Stereotypes are widely held beliefs about a specific group of individuals, based on, but not limited to, ethnicity, gender, colour, country, religion, profession or social strata. These beliefs are about behavior, lifestyle, choices and so on. They can be loosely called to be manifestations of inductive generalisation. The essential question is, from where does one get the stereotypes.
Stereotypes being a cultural issue, it is often inherited from the most important cultural influencers in life. While this list of influencers could vary for every individual, in my case, I feel it mostly comes from family, colleagues, friends, teachers, religion, education (and educational institutions), cities and states I have lived in(10 states so far, and counting!), games such as cricket and Tennis that I follow.
An argument is forwarded sometimes that stereotyping is sometimes good because it provides an initial behavioral clue to an individual, in the absence of any other information. The hint is, that if I meet a certain Mr. Tokuyama from Japan for the first time, my beliefs about the Japanese should guide my behavioral expectations of Tokuyama san. In real life, Tokuyama san could turn out to be very different from the mental image borne by me of Japanese executives.

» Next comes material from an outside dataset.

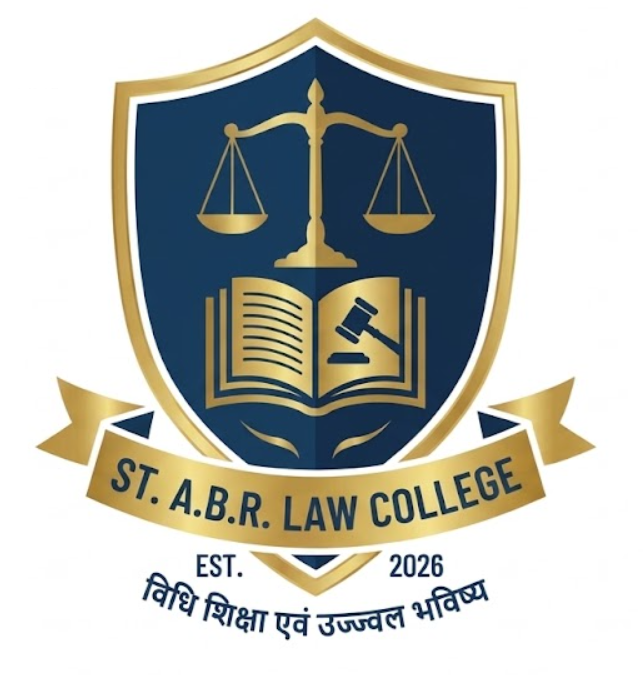 St. A.B.R. Law College Logo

While it is nearly impossible to be free of all forms of stereotypes, such characterization, which at best should be treated as a hypothesis and never a firm opinion, needs to gradually improve when newer experiences happen.
The detrimental dimension of stereotype is prejudice, which negatively guides our behaviour based on our beliefs about people of specific ethnicity, colour, country, religion, profession or social strata. It is often presumptuous. Prejudice is very much internal to an individual and often stays latent for years, only getting expressed on certain trigger events.